Start of Materials provided

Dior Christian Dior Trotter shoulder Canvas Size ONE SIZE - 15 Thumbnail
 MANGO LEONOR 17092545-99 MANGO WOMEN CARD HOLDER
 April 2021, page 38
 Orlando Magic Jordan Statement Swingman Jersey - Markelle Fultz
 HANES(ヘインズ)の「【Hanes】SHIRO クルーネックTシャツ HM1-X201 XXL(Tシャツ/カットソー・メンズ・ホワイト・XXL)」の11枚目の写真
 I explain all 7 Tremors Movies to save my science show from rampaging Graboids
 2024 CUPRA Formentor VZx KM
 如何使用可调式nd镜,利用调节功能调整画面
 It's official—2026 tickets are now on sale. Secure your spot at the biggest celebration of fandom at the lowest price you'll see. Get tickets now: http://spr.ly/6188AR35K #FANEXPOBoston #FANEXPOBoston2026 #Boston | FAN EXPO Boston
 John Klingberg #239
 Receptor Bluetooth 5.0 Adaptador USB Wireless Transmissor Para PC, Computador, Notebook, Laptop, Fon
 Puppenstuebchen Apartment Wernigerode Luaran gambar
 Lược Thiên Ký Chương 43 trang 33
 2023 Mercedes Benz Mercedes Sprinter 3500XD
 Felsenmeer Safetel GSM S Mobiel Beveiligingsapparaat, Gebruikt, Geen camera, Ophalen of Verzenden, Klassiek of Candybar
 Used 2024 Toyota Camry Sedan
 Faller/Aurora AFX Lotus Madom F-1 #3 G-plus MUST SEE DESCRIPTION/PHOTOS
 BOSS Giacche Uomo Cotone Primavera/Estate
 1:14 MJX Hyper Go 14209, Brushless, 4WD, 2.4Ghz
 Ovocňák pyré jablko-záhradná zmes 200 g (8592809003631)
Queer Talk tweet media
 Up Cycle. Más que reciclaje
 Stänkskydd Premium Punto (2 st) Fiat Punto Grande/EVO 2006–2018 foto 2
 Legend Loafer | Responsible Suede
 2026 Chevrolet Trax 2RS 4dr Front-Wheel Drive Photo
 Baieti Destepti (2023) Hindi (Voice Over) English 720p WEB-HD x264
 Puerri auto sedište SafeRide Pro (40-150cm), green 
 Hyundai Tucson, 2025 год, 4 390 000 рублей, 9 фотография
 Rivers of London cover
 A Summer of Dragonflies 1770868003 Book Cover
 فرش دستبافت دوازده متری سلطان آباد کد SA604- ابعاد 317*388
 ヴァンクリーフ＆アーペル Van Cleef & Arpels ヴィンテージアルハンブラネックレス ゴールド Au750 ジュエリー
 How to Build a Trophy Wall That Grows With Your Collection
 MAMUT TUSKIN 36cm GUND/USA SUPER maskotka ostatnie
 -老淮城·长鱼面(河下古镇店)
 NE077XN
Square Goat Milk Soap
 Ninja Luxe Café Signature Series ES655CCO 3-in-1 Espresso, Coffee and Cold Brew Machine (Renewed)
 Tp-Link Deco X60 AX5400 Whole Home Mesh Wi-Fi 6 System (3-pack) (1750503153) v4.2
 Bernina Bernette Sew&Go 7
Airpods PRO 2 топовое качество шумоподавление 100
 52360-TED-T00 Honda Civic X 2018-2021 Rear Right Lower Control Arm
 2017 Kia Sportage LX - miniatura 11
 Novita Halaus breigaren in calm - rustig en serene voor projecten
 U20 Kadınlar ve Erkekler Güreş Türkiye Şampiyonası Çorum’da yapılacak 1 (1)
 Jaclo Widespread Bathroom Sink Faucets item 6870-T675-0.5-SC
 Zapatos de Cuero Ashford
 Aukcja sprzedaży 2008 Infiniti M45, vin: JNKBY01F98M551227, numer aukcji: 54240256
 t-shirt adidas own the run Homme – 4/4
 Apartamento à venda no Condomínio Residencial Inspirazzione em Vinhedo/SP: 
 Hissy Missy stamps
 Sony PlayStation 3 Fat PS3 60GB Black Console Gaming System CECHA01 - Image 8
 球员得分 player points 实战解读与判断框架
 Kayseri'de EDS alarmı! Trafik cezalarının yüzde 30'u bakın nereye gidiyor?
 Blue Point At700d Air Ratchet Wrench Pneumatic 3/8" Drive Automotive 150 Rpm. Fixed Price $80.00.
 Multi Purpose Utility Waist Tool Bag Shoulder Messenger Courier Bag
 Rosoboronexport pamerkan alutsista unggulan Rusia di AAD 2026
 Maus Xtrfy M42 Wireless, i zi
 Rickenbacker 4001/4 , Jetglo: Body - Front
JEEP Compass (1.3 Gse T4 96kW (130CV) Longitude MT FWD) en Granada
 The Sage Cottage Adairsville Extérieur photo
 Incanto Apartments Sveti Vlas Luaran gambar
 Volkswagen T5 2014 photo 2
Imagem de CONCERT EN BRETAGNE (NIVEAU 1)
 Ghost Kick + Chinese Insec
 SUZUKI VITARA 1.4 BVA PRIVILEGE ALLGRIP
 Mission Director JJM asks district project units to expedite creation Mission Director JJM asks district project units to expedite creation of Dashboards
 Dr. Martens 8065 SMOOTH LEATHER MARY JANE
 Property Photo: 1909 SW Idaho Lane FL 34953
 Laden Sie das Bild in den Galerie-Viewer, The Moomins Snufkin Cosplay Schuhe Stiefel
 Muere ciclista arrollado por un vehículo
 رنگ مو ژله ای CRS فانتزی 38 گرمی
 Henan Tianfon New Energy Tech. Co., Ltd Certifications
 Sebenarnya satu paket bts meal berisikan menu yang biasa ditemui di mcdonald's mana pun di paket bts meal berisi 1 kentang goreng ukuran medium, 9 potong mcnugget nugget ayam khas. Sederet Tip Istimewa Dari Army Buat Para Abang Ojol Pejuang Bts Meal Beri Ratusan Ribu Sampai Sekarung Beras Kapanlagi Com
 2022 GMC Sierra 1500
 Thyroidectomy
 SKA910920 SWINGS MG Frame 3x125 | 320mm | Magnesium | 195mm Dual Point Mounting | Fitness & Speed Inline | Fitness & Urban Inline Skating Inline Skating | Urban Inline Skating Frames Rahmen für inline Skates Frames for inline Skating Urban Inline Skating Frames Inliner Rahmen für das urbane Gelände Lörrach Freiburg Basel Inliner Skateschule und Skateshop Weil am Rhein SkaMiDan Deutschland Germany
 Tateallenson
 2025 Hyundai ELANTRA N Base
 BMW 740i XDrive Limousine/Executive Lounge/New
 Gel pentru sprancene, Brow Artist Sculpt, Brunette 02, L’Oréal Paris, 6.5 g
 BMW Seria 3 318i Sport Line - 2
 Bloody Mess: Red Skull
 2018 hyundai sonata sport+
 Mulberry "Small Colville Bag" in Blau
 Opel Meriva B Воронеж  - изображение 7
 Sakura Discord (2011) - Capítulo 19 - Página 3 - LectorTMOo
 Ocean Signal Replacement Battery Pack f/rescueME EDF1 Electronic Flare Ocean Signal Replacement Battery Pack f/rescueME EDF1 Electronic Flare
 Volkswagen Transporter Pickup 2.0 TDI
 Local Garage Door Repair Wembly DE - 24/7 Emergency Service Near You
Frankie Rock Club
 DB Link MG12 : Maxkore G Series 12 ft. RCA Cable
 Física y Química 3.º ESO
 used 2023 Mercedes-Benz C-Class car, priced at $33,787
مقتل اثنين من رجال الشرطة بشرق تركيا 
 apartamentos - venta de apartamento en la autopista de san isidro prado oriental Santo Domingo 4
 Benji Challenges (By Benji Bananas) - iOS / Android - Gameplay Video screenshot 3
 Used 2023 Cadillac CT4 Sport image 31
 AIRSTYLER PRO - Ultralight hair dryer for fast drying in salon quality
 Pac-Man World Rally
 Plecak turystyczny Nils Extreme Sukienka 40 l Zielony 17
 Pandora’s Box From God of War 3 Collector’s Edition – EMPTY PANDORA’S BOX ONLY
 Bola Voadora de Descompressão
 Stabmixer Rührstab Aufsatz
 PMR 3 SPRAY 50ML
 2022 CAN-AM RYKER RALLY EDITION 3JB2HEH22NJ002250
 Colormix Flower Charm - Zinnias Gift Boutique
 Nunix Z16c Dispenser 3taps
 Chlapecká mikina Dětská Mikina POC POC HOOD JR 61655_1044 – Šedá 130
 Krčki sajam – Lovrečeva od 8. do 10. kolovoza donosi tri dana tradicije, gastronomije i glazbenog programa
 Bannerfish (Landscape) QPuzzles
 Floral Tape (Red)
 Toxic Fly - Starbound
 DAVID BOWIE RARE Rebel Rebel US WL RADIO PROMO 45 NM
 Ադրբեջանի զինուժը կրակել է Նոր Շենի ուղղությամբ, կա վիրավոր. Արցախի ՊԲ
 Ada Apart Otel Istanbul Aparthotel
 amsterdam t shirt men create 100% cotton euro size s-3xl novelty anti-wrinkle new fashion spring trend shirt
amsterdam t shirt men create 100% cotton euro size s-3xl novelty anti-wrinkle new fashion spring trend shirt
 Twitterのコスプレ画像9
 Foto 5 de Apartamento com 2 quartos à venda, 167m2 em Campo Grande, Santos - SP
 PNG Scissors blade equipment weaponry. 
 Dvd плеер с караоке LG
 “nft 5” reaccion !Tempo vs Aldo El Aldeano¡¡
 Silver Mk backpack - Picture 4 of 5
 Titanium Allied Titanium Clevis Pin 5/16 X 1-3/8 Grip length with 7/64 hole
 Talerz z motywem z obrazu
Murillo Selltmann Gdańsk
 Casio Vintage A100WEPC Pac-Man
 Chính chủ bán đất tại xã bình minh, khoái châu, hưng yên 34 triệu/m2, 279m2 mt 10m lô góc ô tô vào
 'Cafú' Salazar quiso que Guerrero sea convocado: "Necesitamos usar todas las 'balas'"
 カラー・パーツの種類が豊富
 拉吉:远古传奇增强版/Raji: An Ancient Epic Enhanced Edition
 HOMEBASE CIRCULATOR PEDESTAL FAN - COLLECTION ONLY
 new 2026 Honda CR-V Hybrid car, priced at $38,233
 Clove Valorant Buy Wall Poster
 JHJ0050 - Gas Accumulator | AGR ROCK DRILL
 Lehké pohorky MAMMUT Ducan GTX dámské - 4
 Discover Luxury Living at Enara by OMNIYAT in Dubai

End of Materials provided

Assignment: Print the lines from the one containing "Clove Valorant Buy Wall Poster" through the end of the material, word for word, and nothing else.

Task solution:
 Clove Valorant Buy Wall Poster
 JHJ0050 - Gas Accumulator | AGR ROCK DRILL
 Lehké pohorky MAMMUT Ducan GTX dámské - 4
 Discover Luxury Living at Enara by OMNIYAT in Dubai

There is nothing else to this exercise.